Themes: None are discernible from the source material. There is no exploration of power, sacrifice, or consequence (beyond mechanical death penalties). The title itself, The Fate, is presumably a reference to the protagonist’s predetermined journey or perhaps to a personified “Fate” character (as in Fate/stay night or the Fate series’ personification), but the sources provide no evidence of such a character. The theme is simply questing. It is the antithesis of Fate/stay night‘s core thematic trio: “oneself as an ideal,” “struggling with oneself as an ideal,” and “the friction with real and ideal.” The Fate has no ideals to struggle with, only monsters to slay.
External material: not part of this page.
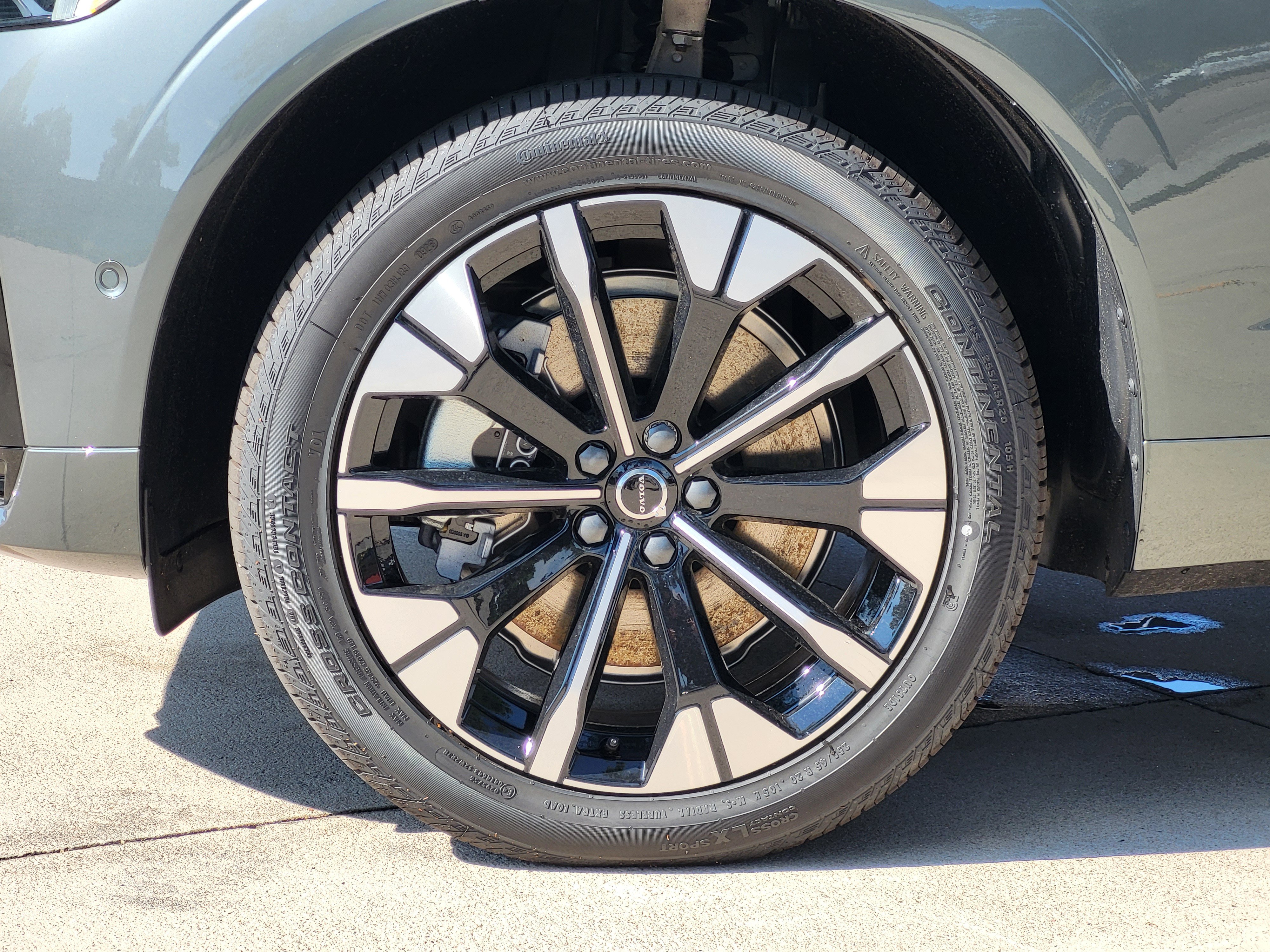 New 2026 Volvo XC60 T8 Plus w/ Protection Package Premier AWD/4WD image 7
4. Gameplay Mechanics & Systems: The Diablo Blueprint, Faintly Runes

The Fate’s gameplay is described as an Action RPG (ARPG) with point-and-select interface and isometric 2D scrolling. Deconstructing this with information from MobyGames and the detailed mechanics of its spiritual successors in the Fate series (from TV Tropes/Wikipedia), we can infer its likely systems:

  • Core Loop: The loop is quintessential ARPG: enter the mega-dungeon (with randomized layouts and randomized monster/NPC/treasure spawns per TV Tropes), fight monsters, collect loot, gain experience, return to town to sell/buy, and descend again. The ultimate goal is to reach a specific, randomly generated boss level (40th–50th) to complete the main quest.

  • Character Progression: It employs a point-build system. When gaining a level, the player allocates stat points (likely Strength, Dexterity, Vitality, Magic—standard for the era) and skill points. Fame/Renown levels (from the Fate series) are a later innovation, but The Fate may have had a simpler reputation system for accessing higher-tier gear. There is a level cap (likely 99, standard for the period).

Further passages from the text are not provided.